Acute Cystitis

Link to article at PubMed

2023 May 30. In: StatPearls [Internet]. Treasure Island (FL): StatPearls Publishing; 2023 Jan–.


A urinary tract infection (UTI) is defined as significant bacteriuria in the setting of symptoms of cystitis or pyelonephritis caused by pathogenic inflammation of the upper or lower urinary tract. Acute simple cystitis would be a urinary tract infection confined to the bladder in an otherwise healthy, premenopausal, non-pregnant female. Women are more commonly afflicted with UTIs than men due primarily to the proximity of the urethral meatus to the rectum as well as a shorter urethral length.

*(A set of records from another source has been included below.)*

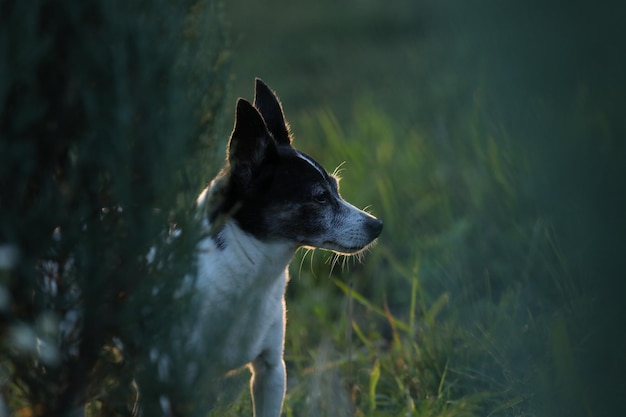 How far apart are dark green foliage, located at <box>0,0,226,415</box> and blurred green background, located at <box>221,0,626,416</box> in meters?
0.59

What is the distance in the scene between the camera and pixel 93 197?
2.62 metres

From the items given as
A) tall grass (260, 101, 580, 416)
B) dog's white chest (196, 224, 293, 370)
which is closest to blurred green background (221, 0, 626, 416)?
tall grass (260, 101, 580, 416)

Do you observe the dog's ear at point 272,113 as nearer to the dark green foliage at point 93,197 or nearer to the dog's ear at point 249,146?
the dog's ear at point 249,146

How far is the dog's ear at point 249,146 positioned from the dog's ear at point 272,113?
0.30 meters

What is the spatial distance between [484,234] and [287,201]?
5.93 feet

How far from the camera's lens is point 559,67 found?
8.40 ft

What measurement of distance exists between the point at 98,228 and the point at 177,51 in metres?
0.56

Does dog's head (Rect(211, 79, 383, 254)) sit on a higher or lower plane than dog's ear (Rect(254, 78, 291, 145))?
lower

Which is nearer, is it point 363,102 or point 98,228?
point 98,228

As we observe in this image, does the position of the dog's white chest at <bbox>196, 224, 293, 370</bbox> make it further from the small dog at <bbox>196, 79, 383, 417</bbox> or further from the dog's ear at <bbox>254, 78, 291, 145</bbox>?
the dog's ear at <bbox>254, 78, 291, 145</bbox>

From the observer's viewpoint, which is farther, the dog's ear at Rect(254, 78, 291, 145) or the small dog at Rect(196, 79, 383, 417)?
the dog's ear at Rect(254, 78, 291, 145)

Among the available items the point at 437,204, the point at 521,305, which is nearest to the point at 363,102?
the point at 437,204

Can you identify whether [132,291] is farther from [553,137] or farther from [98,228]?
[553,137]

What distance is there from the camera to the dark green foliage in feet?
8.21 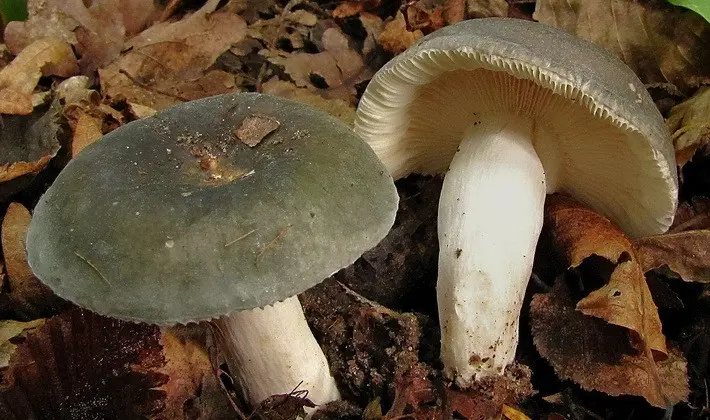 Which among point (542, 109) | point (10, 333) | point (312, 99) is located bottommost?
point (10, 333)

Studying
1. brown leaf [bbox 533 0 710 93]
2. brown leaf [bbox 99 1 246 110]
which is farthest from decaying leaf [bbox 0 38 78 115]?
brown leaf [bbox 533 0 710 93]

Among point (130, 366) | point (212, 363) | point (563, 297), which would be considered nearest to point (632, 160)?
point (563, 297)

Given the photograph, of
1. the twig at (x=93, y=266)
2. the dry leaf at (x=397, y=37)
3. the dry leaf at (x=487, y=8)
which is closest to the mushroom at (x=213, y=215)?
the twig at (x=93, y=266)

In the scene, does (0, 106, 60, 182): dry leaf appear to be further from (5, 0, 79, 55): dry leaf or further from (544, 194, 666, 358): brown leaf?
(544, 194, 666, 358): brown leaf

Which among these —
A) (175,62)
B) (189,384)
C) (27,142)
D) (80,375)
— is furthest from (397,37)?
(80,375)

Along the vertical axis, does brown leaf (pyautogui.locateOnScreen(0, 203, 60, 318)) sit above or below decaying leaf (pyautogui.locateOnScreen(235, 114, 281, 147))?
below

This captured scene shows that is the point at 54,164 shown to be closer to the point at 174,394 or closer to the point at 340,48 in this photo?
the point at 174,394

Urinary tract infections are four times more likely in females than males. Many women know the symptoms of cystitis, which include urinary frequency (frequent trips to the bathroom less than 2 hours apart), urgency, and a stinging or burning sensation (dysuria) when passing urine. There may also be hematuria or suprapubic pain. A diagnosis of uncomplicated cystitis may be made by medical history, findings on physical examination, urinalysis (UA) results, and urine cultures. While usually treated on an outpatient basis, the severity of the disease can range widely and can result in hospital admission. This review is an overview of simple, acute cystitis.